While 4D-STEM-based strain mapping has typically been performed by tracking changes in Bragg disk positions throughout a data set^38,39, accurate registration of disk positions is very challenging for moiré systems where diffraction disks from the constituent monolayers have substantial overlap and a relatively low signal-to-noise ratio. As an alternative, by taking the gradient of the displacement vector field, we can calculate the intralayer 2D strain tensor at each position in the sample^25,40,41,42. From the strain tensor, we then derive information about local intralayer fixed-body rotations and deformations in the moiré bilayer (see Methods), which provides insight into the reconstruction mechanisms in these systems.

First we will consider the MoS₂ moiré homobilayers. The intralayer reconstruction rotation (θ_R), shown in Fig. 2a–c, indicates the difference between the pre-imposed interlayer moiré twist angle (θ_m) and the measured total fixed-body rotation (θ_T) in each TMD layer: θ_R = θ_T − (θ_m/2). For the P orientation (Fig. 2a) we observe a reconstruction rotation field that is reminiscent of the triangular rotation field that has been observed in twisted bilayer graphene²⁵. By plotting the average reconstruction rotation as a function of interlayer displacement (u_x, u_y) (insets in Fig. 2a–c), we observe that regions with the highest calculated stacking energy (MMXX, 59.1 meV/M vs. XM/MX^23,43, Supplementary Fig. 6) have θ_R > 0^∘, which increases the local total rotation, \({\theta }_{T}^{MMXX}\), and consequently shrinks the MMXX stacking domain, while regions with low stacking energy (XM and MX) have θ_R < 0^∘ and expand into commensurate triangular domains. For AP moiré homobilayers, a similar principle applies, but the calculated relative energies of the various high-symmetry stacking orders present changes. Here, XX regions have the highest stacking energy (58.8 meV/M vs XMMX^23,43), thus θ_R > 0^∘, while XMMX regions have the lowest stacking energy and θ_R < 0^∘ (Fig. 2b, c).
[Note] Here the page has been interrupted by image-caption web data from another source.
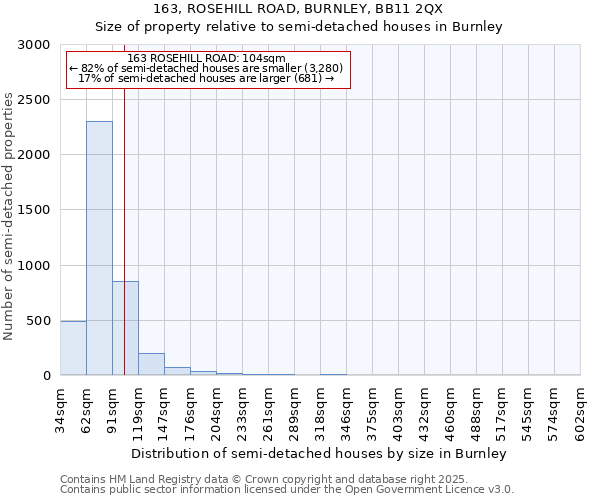163, ROSEHILL ROAD, BURNLEY, BB11 2QX: Size of property relative to semi-detached houses houses in Burnley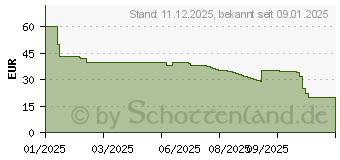 Preistrend fr Xiaomi Magnetic Power Bank 6000mAh Beige (BHR9074GL)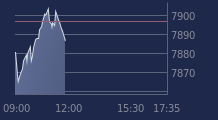 Graphique CAC-40 FR0003500008
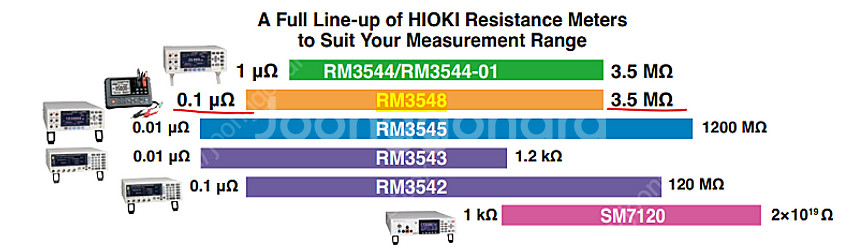 중고계측기 저항측정기 Hioki RM3548 저항계 판...--2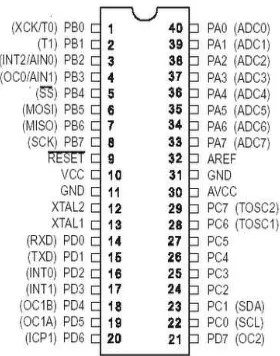 Gambar 2.6 Konfigurasi Pin ATMega 8535 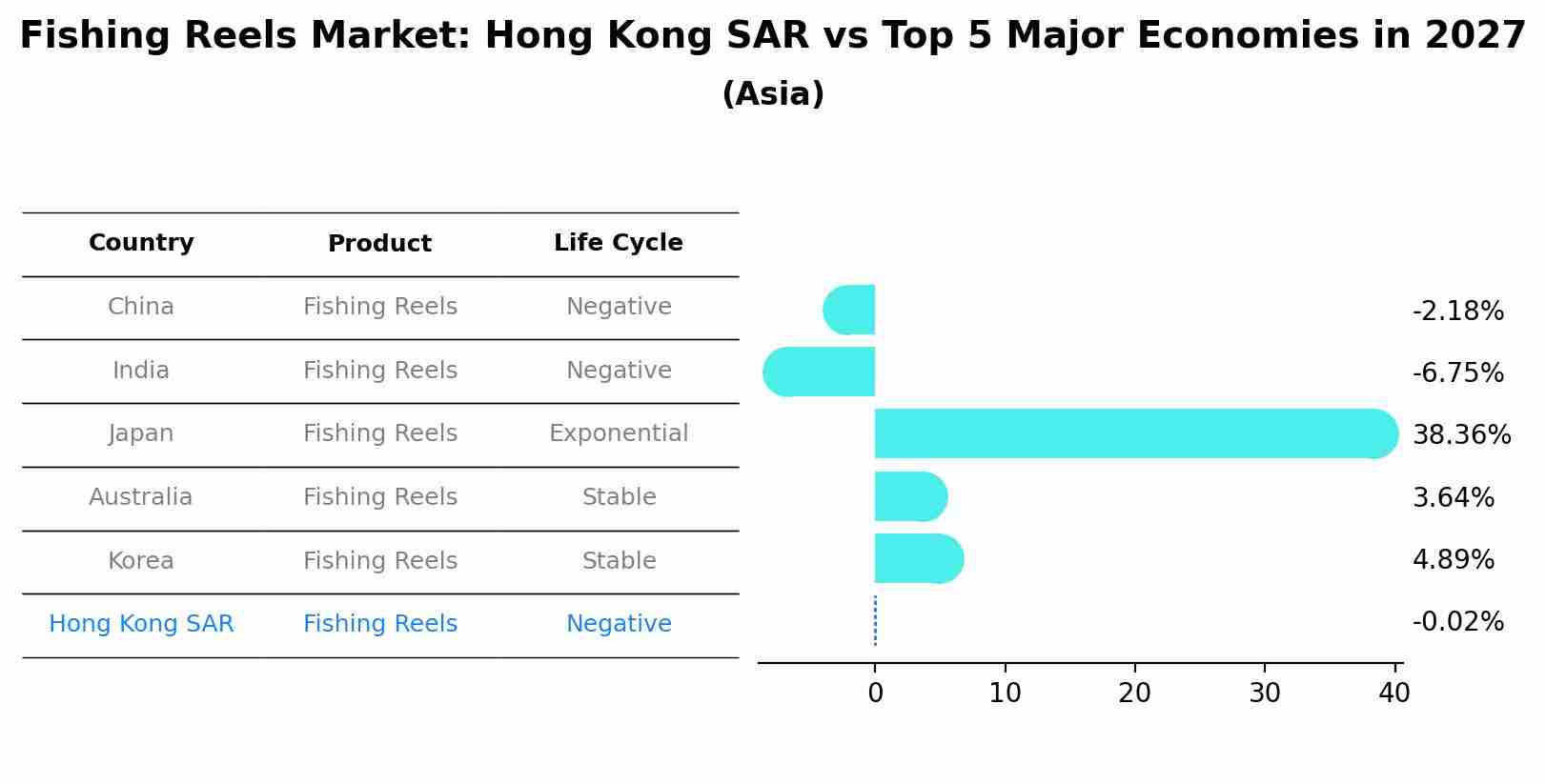 Fishing Reels Market: Hong Kong SAR vs Top 5 Major Economies in 2027 (Asia)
Fig. 2: Strain fields and area fractions in twisted homobilayers.

a–c Maps of local reconstruction rotation (θ_R) and (g–i) maximum shear strain (γ_max) for P-stacked MoS₂/MoS₂ with θ_m = 1.23^∘ and AP-stacked MoS₂/MoS₂ with θ_m = 0.77^∘ and 1.69^∘. ϵ indicates average heterostrain. Hexagonal insets show the average reconstruction rotation (〈θ_R〉) and shear strain (〈γ_max〉) as a function of interlayer displacement (u_x, u_y). The overlaid dashed lines correspond to the moiré unit cell geometry, determined from the displacement maps. d–f Average dilations (〈Dil〉) as a function of displacement. j Rotation-driven reconstruction schematics for a P-stacked and two AP-stacked moiré homobilayer cases (θ_m < θ_c and θ_m > θ_c, where θ_c is the critical twist angle separating two reconstruction regimes). Yellow indicates accumulation of shear strain (γ_max > 0) and blue indicates no shear strain. Arrows illustrate the measured direction of θ_R, with counterclockwise rotation defined as θ_R > 0. Arrow sizes depict relative growth or shrinkage of local stacking domain, not drawn to scale. k, m Average reconstruction rotations and l, n relative stacking areas as a function of twist angle (θ_m) for AP and P stacking orientations. Horizontal dashed lines in (l, n) indicate the relative stacking areas in a rigid moiré based on the chosen partitioning of the displacement space, see Methods. In k–n, horizontal error bars represent standard deviations and vertical error bars represent standard errors. Dotted trend lines are polynomial fits to the experimental data, included as visual guides.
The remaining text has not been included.